Konuşma bu minval üzere devam eder.
Günde beş defa ezanlar okunuyor, Kâinatın Sultanı olan Cenab-ı Hak herkesi huzuruna dâvet ediyor. Bu dâvette hiçbir ayırım yapılmıyor. Zengin fakir, büyük küçük kim olursa olsun; rengi, dili, makamı, rütbesi ne olursa olsun, herkes huzura kabul ediliyor. Herkes niyetine ve samimiyetine göre ikramlara nail oluyor. Böyle bir dâvete icabet etmemek, onu hafife almak, bu kadar ikramları reddetmek, akıl kârı mıdır? İnsan olan insan, en önemli işlerini bırakıp böyle bir dâvete koşmak ister. Çünkü hayatta bundan daha önemli bir iş olamaz. İnsan iki eli kanda olsa, böyle bir fırsatı kaçırmak istemez.

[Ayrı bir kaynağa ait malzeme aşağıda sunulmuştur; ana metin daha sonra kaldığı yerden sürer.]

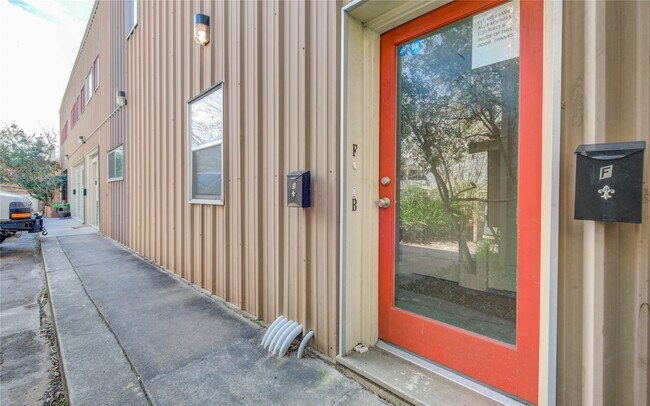 Foto del edificio - 6503 Mapleridge St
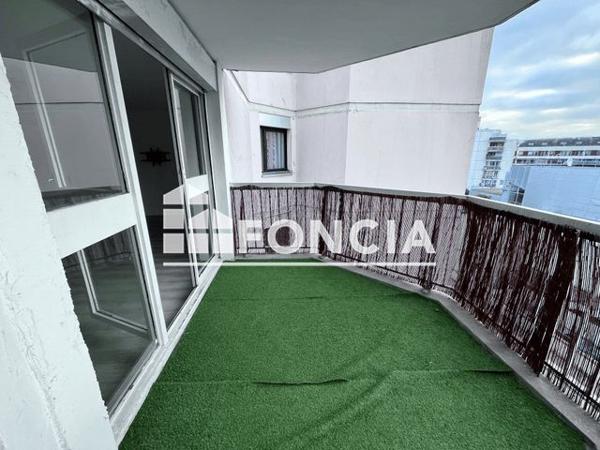 Location Appartement 4 pièces 82.9 m² - 407 Place Gustave Courbet Noisy Le Grand 93160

Hem insan böyle bir Sultanın huzurunda her türlü ihtiyacını dile getirir, bütün dertlerine çare bulabilir, bütün sıkıntılarını orada giderebilir. Çünkü “her şeyin dizgini O’nun elinde, her şeyin anahtarı O’nun yanındadır.”
Hem namazda aklın, kalbin ve ruhun da büyük bir rahatı vardır. Kalp, o huzurda huzur bulur, ruh orada rahat eder, akıl, ne büyük bir nimet olduğunu bu şekilde idrak eder. Peki, bu kâinatın Sultanı, mülkünde misafir ettiği insanları günde beş defa huzuruna dâvet ediyor, bu dâvete icabet edenlere ebedî saadet gibi bir ikramda bulunuyorsa, buna icabet etmemek acaba akıl kârı mıdır? Bir valinin dâvetini geri çevirmek kabalık kabul edilip ayıp karşılanıyorsa, Cenâb-ı Hakk’ın dâvetini geri çevirmek nasıl bir kabalık, olmaz mı?
O,(cc) tenezzül edip bizi huzuruna çağırıyorsa, biz böyle bir dâveti canımıza minnet bilip koşmazsak, kabalıktan da öte, nankörlük etmiş olmaz mıyız?